Talk:Rabin-Karp string search algorithm
From Wikipedia, the free encyclopedia
I think it would be nice if the article discussed extending the algorithm for 2 dimensional pattern matching, as well as giving some optimizations in the case of having varying string lengths for multi-pattern matching case.
Contents |
[edit] =
In the pseudocode of the RK string search algorithm, if hs is given as hash(s[1..n]), the algorithm can not detect a target pattern which occurs on the first m bytes of a given text. This is why I reverted it to be hash(s[1...m]).
One arduous but impetuous, so-called, vandalism detector claims that it should be hash(s[1...n]), because, when m is larger than n, the code crashes. That is true, but I reckon such a range check matter is not a major issue in describing the fundamentals of the algorithm.
Considering the following sentence which is excerpted from the article and is supposed to be written by one of the original contributors,
"Lines 2,3, and 6 each require omega(m) time."

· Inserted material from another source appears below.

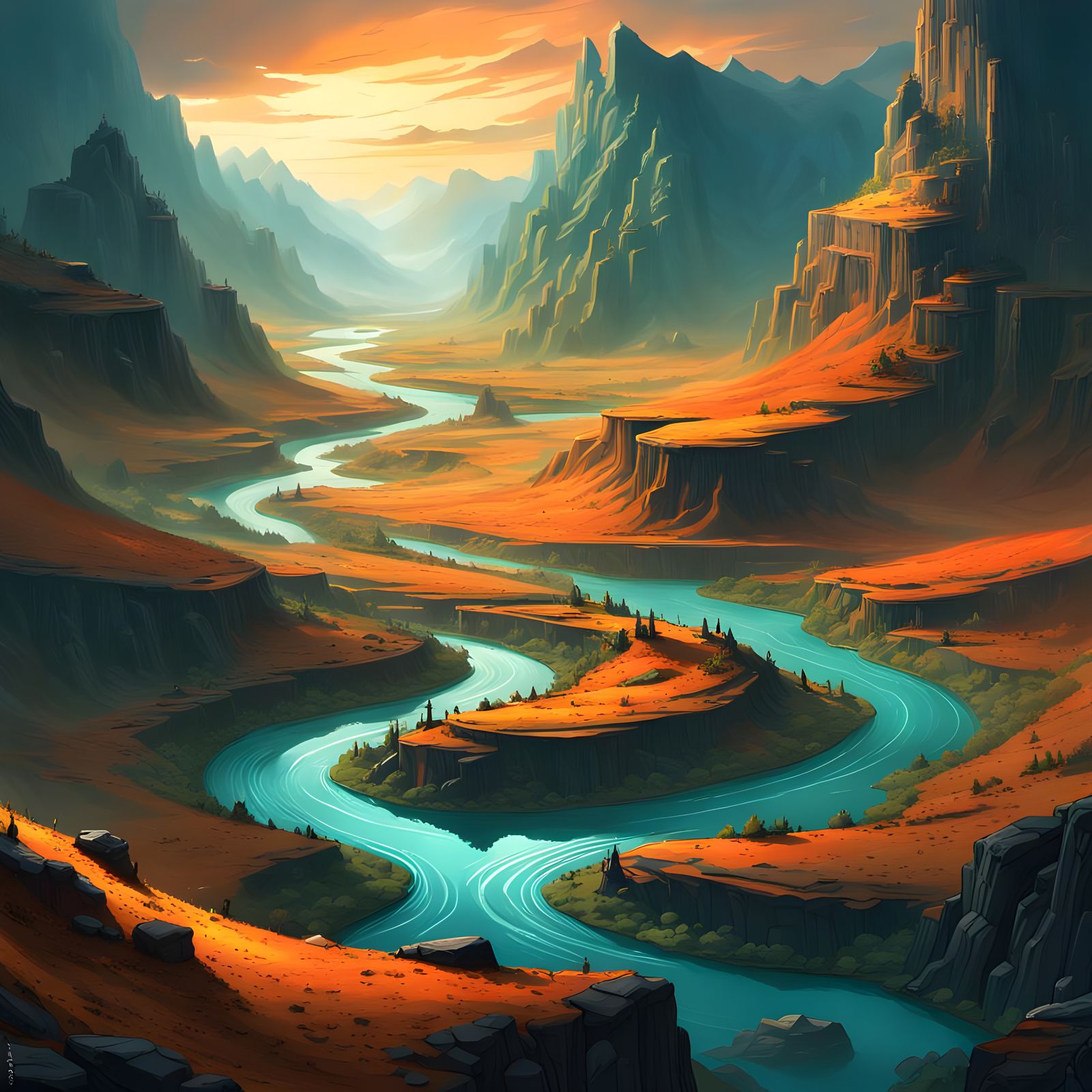 Fantasy Mountainous Region with River in Detailed Matte Pain...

if one still thinks hs := hash(s[1...n]) is correct, why doesn't he/she also modify the above sentence too?
footnote) The line 3 of the pseudocode has been in the form of hash(s[1..m]) for the last six months or so since its original edition by the original writer.
--129.254.65.18 08:35, 23 May 2005 (UTC)
- I agree with you. We are assuming m ≤ n, and if [1..n] is used, the algorithm won't work, because it'd be trying to compare hashes of strings of length n to hashes of strings of length m. Deco 21:41, 23 May 2005 (UTC)
[edit] Line 8 of the muli-pattern-search pseudo-code seems wrong to me
Quote: if s[i..i+m-1] = a substring with hash hs This is exactly the same condition as in the line above (element of hash). As pointed out corretly in the single patters search - to rule out a hash collision we need to compare with the actual search string(s). (Plural only if by fat chance or denial of service attack, two search strings have the same hash.)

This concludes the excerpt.